## [MATERIAL SHOWN]

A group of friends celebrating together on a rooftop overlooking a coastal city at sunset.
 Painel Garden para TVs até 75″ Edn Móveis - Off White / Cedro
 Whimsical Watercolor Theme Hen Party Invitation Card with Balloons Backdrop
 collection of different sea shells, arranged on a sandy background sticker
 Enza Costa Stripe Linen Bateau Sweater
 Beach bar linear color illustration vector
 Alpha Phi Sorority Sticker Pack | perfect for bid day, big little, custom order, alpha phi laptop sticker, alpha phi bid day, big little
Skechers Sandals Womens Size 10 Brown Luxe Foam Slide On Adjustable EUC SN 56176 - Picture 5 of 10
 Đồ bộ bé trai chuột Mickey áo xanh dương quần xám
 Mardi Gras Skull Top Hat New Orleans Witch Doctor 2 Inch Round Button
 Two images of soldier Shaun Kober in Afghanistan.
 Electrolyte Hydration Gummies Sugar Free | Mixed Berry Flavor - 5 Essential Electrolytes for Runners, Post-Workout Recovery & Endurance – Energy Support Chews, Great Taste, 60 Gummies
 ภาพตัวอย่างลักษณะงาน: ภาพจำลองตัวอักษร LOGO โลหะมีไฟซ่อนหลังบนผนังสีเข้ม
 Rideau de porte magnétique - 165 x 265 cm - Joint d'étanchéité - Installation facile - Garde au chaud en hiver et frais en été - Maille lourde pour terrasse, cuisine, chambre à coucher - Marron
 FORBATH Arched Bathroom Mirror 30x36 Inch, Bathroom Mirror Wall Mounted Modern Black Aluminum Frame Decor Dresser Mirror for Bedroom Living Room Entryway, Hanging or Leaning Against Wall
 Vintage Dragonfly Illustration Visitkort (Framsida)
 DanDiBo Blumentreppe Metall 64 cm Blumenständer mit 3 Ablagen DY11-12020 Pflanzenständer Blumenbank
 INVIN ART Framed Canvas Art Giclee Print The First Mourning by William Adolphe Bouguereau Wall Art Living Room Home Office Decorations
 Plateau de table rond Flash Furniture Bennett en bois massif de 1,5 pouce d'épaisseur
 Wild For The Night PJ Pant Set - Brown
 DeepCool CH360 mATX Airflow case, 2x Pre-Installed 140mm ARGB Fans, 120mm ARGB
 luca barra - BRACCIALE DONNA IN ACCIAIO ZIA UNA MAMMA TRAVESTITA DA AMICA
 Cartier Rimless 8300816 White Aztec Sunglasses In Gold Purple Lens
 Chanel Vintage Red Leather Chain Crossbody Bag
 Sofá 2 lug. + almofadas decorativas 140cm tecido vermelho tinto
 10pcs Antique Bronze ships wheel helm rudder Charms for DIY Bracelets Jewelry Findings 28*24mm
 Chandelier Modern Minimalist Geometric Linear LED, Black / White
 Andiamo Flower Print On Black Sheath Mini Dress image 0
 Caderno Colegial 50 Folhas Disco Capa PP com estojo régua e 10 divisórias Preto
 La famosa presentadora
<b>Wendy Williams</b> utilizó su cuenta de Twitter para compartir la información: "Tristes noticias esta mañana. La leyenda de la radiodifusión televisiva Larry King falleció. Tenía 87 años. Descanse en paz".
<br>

## [WORK TO BE COMPLETED]
Please print exactly the lines from the one containing "Đồ bộ bé trai" through the last line of the material.

## [EXERCISE OUTPUT]
 Đồ bộ bé trai chuột Mickey áo xanh dương quần xám
 Mardi Gras Skull Top Hat New Orleans Witch Doctor 2 Inch Round Button
 Two images of soldier Shaun Kober in Afghanistan.
 Electrolyte Hydration Gummies Sugar Free | Mixed Berry Flavor - 5 Essential Electrolytes for Runners, Post-Workout Recovery & Endurance – Energy Support Chews, Great Taste, 60 Gummies
 ภาพตัวอย่างลักษณะงาน: ภาพจำลองตัวอักษร LOGO โลหะมีไฟซ่อนหลังบนผนังสีเข้ม
 Rideau de porte magnétique - 165 x 265 cm - Joint d'étanchéité - Installation facile - Garde au chaud en hiver et frais en été - Maille lourde pour terrasse, cuisine, chambre à coucher - Marron
 FORBATH Arched Bathroom Mirror 30x36 Inch, Bathroom Mirror Wall Mounted Modern Black Aluminum Frame Decor Dresser Mirror for Bedroom Living Room Entryway, Hanging or Leaning Against Wall
 Vintage Dragonfly Illustration Visitkort (Framsida)
 DanDiBo Blumentreppe Metall 64 cm Blumenständer mit 3 Ablagen DY11-12020 Pflanzenständer Blumenbank
 INVIN ART Framed Canvas Art Giclee Print The First Mourning by William Adolphe Bouguereau Wall Art Living Room Home Office Decorations
 Plateau de table rond Flash Furniture Bennett en bois massif de 1,5 pouce d'épaisseur
 Wild For The Night PJ Pant Set - Brown
 DeepCool CH360 mATX Airflow case, 2x Pre-Installed 140mm ARGB Fans, 120mm ARGB
 luca barra - BRACCIALE DONNA IN ACCIAIO ZIA UNA MAMMA TRAVESTITA DA AMICA
 Cartier Rimless 8300816 White Aztec Sunglasses In Gold Purple Lens
 Chanel Vintage Red Leather Chain Crossbody Bag
 Sofá 2 lug. + almofadas decorativas 140cm tecido vermelho tinto
 10pcs Antique Bronze ships wheel helm rudder Charms for DIY Bracelets Jewelry Findings 28*24mm
 Chandelier Modern Minimalist Geometric Linear LED, Black / White
 Andiamo Flower Print On Black Sheath Mini Dress image 0
 Caderno Colegial 50 Folhas Disco Capa PP com estojo régua e 10 divisórias Preto
 La famosa presentadora
<b>Wendy Williams</b> utilizó su cuenta de Twitter para compartir la información: "Tristes noticias esta mañana. La leyenda de la radiodifusión televisiva Larry King falleció. Tenía 87 años. Descanse en paz".
<br>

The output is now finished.